Polygon Plonky3 supports several finite fields and hash functions. Currently, the only supported polynomial commitment scheme is FRI, but future releases will support several, including Brakedown.
Plonky3 is a toolkit for designing a custom ZK proving implementation that can then be used to power application-optimized zkVMs and zkEVMs.
In the same way an AI dev uses Pytorch and Tensorflow for building AI models, Polygon Plonky3 provides the same flexibility for building ZK proving systems. Polygon Plonky3 enables simple builds, such as the Fibonacci sequence prover in this repo that requires only one AIR Scripts, to complex systems, such as SP1 from Succinct labs with multiple AIR scripts for different components of a single zkVM.
Here's a TLDR version:
- Define the computation using Algebraic Intermediate Representation (AIR).
- Generate a trace of the computation based on the AIR.
- Utilize efficient finite field implementations for arithmetic operations.
- Apply Generalized Vector Commitment Schemes to create succinct representations of large vectors or polynomials.
- Use polynomial commitment schemes like Circle PCS for compact polynomial representations.
- Perform fast polynomial operations using FFTs and related algorithms.
- Implement the FRI (Fast Reed-Solomon IOP) protocol to prove properties about committed polynomials.
- Employ a challenger mechanism with the Fiat-Shamir heuristic for non-interactive proofs.
- The unified STARK prover combines all components to generate the proof.
- The verifier uses the same components to efficiently check the proof's validity.
Plonky3's modular design allows for easy customization and optimization of different components, making it adaptable to various use cases and performance requirements.
Don't worry, These are the underlying workflow of Plonky3 based ZK system, if you are builders who are using Plonky3, your main job is at Step 1 and Step 2, the rest is just configuration!
So now that we briefly walked through what Plonky3 is and how does it work, let's see this simple hands-on example to learn more!
We will walk through our fibonacci example code via blow steps
First you will need to understand what is the computation you want to prove, in our case is a program that calculates Fibonacci sequence after n of steps.
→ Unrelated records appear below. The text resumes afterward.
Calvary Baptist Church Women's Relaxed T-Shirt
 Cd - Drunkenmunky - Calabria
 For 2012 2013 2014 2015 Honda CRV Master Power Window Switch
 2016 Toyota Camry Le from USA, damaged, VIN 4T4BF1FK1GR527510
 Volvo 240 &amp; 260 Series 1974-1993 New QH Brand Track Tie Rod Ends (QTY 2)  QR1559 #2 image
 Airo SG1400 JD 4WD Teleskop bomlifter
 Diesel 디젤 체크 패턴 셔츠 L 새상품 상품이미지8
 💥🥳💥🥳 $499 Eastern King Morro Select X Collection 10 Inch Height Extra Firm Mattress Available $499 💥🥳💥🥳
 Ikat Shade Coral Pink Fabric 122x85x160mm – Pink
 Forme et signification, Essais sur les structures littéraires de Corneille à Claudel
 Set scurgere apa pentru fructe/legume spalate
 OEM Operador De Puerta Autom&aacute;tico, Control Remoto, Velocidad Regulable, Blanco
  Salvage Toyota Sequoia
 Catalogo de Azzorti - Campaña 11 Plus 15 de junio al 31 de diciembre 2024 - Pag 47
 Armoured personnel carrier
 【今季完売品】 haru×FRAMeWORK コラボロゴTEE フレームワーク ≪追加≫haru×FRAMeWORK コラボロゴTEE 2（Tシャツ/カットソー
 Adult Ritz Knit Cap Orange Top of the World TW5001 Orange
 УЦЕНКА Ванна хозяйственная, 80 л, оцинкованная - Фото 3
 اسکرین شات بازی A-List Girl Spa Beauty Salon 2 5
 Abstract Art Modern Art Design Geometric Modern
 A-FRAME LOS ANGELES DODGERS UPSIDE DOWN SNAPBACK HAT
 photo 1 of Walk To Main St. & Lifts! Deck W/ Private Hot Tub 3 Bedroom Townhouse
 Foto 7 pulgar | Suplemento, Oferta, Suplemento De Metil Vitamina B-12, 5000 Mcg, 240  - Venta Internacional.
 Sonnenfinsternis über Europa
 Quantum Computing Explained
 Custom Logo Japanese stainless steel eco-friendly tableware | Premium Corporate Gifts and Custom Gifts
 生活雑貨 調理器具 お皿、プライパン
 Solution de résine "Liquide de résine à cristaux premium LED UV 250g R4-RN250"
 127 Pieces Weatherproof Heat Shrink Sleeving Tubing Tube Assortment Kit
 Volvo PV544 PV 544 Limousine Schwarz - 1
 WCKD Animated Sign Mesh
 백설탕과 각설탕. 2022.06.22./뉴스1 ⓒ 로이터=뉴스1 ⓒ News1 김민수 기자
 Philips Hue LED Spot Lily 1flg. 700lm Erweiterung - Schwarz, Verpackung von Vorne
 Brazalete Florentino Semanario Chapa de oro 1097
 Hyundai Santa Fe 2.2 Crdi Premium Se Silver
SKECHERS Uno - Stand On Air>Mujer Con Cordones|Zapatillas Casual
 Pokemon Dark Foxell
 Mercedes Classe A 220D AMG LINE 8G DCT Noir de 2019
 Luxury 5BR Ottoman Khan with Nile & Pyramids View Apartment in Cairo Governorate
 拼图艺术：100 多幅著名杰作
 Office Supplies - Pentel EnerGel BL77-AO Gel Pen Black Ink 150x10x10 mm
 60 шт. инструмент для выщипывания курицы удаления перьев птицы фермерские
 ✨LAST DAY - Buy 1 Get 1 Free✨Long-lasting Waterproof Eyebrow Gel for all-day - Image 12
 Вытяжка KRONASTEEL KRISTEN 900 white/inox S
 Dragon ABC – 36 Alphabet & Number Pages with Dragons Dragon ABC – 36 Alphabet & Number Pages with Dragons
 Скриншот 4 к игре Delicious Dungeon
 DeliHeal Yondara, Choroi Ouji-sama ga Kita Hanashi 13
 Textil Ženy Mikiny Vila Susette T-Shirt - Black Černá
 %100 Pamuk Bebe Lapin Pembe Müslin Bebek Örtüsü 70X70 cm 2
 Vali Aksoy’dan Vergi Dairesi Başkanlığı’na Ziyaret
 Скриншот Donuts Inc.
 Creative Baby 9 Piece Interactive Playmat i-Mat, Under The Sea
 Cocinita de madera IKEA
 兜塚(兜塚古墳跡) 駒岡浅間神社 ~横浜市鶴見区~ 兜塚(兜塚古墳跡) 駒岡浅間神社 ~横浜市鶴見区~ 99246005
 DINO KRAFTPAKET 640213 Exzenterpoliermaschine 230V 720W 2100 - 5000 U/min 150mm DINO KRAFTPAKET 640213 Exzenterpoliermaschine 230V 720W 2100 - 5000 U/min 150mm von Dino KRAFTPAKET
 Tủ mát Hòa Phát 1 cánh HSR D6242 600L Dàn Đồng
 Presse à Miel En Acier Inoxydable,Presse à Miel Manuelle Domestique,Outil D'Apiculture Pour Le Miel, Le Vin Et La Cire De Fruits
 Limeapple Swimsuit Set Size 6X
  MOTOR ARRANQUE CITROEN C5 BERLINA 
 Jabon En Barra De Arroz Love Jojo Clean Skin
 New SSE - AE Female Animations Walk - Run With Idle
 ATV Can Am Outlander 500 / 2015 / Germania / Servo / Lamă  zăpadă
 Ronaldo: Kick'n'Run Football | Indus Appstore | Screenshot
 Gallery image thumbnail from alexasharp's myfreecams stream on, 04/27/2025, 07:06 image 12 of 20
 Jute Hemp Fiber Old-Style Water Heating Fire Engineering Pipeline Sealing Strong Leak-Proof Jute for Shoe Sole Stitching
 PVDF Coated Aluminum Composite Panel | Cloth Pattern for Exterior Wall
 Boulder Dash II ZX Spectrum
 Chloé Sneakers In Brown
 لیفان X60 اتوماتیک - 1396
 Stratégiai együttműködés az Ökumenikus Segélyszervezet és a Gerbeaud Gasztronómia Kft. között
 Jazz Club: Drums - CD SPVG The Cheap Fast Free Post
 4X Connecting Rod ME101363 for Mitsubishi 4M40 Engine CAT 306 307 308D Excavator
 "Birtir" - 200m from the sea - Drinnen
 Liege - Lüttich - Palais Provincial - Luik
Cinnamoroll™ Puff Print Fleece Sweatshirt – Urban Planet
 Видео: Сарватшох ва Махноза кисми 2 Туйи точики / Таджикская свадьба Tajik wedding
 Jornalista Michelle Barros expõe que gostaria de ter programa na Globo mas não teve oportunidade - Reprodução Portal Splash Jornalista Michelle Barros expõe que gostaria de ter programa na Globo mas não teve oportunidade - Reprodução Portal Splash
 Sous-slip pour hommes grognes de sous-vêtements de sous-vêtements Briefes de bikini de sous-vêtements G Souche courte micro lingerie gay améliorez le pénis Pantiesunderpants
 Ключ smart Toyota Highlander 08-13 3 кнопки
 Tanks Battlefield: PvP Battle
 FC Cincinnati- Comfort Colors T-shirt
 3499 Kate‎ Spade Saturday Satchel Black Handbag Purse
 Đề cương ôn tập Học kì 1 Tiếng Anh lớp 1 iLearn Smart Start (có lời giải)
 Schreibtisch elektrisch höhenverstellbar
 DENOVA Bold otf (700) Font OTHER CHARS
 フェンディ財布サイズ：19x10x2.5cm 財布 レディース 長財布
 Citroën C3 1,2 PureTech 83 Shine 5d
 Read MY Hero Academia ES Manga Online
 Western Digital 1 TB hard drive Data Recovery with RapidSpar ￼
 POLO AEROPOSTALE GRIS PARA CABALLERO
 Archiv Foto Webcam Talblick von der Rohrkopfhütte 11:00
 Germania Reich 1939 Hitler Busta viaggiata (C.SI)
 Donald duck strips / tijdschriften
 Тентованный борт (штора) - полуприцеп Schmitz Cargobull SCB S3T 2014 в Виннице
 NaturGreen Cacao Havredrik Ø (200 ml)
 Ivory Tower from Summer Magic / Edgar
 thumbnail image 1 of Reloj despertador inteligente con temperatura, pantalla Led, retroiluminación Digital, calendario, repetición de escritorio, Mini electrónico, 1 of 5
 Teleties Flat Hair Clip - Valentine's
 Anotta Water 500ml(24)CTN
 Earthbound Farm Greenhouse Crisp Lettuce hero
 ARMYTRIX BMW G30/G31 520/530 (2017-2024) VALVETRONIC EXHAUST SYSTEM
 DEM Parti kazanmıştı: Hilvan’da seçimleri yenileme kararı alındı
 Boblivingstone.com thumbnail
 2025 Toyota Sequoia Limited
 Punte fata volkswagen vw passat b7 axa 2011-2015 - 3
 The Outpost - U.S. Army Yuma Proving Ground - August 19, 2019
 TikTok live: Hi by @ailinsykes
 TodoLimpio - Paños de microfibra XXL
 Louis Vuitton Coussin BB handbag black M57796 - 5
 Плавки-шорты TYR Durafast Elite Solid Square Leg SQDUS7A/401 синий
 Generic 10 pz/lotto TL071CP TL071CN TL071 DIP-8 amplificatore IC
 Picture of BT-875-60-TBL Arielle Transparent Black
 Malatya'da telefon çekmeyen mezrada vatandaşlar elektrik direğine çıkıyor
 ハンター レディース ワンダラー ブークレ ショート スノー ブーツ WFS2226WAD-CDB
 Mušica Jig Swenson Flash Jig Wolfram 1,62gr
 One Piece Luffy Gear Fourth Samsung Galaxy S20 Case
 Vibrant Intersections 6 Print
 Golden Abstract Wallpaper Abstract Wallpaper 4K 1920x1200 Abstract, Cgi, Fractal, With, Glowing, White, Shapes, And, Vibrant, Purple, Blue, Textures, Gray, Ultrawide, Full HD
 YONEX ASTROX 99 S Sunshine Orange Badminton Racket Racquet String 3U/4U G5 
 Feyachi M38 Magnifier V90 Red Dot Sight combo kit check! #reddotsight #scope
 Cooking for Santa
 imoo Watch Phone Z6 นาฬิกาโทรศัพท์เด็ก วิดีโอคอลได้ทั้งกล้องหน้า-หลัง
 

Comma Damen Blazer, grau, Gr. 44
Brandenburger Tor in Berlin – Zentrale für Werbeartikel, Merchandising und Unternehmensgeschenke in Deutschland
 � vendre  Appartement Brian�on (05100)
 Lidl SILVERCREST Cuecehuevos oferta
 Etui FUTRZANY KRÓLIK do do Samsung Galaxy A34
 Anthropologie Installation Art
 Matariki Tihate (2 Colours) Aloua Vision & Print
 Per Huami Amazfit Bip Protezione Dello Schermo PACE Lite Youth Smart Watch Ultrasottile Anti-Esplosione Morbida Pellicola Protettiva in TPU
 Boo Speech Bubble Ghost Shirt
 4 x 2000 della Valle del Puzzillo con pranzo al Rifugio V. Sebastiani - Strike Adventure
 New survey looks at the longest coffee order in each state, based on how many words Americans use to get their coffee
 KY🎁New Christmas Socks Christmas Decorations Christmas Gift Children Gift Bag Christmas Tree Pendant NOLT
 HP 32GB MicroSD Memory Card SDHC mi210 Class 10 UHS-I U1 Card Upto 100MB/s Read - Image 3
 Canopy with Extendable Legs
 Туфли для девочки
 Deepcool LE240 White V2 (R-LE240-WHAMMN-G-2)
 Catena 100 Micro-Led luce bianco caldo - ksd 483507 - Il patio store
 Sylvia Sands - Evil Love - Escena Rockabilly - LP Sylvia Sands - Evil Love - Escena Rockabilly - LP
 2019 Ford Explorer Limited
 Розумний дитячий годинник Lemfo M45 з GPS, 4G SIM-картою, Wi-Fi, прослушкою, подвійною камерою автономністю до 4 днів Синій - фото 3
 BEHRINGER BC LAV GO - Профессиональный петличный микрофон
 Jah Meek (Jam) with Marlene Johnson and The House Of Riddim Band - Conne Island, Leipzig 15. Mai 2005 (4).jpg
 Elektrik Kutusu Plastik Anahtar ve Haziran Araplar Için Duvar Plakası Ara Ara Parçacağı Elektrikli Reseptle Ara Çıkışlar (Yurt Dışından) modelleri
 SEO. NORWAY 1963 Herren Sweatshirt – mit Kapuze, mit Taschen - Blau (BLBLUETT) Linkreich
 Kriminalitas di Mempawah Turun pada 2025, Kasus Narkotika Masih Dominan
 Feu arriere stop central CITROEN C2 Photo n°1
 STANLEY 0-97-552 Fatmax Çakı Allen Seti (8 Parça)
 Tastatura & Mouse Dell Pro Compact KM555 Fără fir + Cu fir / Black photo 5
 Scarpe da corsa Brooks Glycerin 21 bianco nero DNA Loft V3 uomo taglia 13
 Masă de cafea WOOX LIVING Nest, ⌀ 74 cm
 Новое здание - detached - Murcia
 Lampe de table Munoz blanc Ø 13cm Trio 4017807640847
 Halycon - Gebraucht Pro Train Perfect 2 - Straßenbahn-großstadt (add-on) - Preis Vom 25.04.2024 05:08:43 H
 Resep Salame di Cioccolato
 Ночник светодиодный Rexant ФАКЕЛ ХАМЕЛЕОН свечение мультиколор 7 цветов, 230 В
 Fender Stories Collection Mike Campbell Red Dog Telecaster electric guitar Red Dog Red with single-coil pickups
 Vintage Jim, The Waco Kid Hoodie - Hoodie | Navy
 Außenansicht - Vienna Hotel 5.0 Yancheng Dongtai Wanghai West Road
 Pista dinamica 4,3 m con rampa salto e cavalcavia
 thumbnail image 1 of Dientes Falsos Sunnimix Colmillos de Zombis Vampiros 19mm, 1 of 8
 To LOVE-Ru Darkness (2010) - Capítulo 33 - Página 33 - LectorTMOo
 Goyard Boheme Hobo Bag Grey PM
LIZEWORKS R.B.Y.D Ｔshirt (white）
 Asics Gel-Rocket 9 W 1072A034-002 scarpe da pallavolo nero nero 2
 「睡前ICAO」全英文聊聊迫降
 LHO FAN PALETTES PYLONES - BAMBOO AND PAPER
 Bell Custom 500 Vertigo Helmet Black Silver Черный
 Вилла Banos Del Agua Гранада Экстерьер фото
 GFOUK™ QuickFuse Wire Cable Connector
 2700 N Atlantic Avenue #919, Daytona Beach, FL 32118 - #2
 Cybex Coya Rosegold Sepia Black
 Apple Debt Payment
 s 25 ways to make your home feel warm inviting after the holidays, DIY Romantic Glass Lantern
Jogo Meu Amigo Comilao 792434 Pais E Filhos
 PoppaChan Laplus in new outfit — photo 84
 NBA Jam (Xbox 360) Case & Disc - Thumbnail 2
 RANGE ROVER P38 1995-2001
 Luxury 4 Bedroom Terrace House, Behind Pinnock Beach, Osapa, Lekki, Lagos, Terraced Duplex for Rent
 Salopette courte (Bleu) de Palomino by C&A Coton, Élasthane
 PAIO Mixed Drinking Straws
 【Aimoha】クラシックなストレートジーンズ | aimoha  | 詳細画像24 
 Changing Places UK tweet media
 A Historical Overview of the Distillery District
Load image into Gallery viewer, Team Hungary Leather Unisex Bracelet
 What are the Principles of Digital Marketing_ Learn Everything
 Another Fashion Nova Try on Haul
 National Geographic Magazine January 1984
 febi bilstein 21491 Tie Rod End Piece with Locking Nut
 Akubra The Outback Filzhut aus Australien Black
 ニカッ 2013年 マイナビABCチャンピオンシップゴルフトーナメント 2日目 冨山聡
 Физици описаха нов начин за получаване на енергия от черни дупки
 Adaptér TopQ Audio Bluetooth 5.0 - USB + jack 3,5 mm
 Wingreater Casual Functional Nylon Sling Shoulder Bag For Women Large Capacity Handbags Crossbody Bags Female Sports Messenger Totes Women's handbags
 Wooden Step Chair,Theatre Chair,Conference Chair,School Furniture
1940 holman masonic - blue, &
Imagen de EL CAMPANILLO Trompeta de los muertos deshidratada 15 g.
Then we have requirements of:
- The program must always start with 0 and 1 as the initial inputs
- Each iteration will have two inputs and a output. The second input of the current input will become the first input of the next iteration, and the sum of the current two inputs will become the second input of the next iteration.
- Will iterate
nsteps based on the configuration, and its result will be different according to numbers of steps iterated.
Now that we have our program logic thought out, we will convert them into AIR Constraints.
AIR Constraint is about working with the execution trace, where you can imagine it as a 2D-matrix. Each row represents the current iteration of the computation, and the width of the each row represents the elements that are associated with the whole computation. Basically, in a zkVM context, this could mean that the width of the row is all the registers in this zkVM system, and each row iteration is the transition of all registers from one PC count to next.
Tips on defining your AIR Scripts:
- Define the valid state transition, aka what are the constraints when transitioning from one row to the one below it
- Define relations among the fields in the same row if needed, sometimes we have constraints that are only about a single column as well, like if a column is supposed to be 0 or 1 we do x (x - 1) = 0 (or assert_bool() shorthand)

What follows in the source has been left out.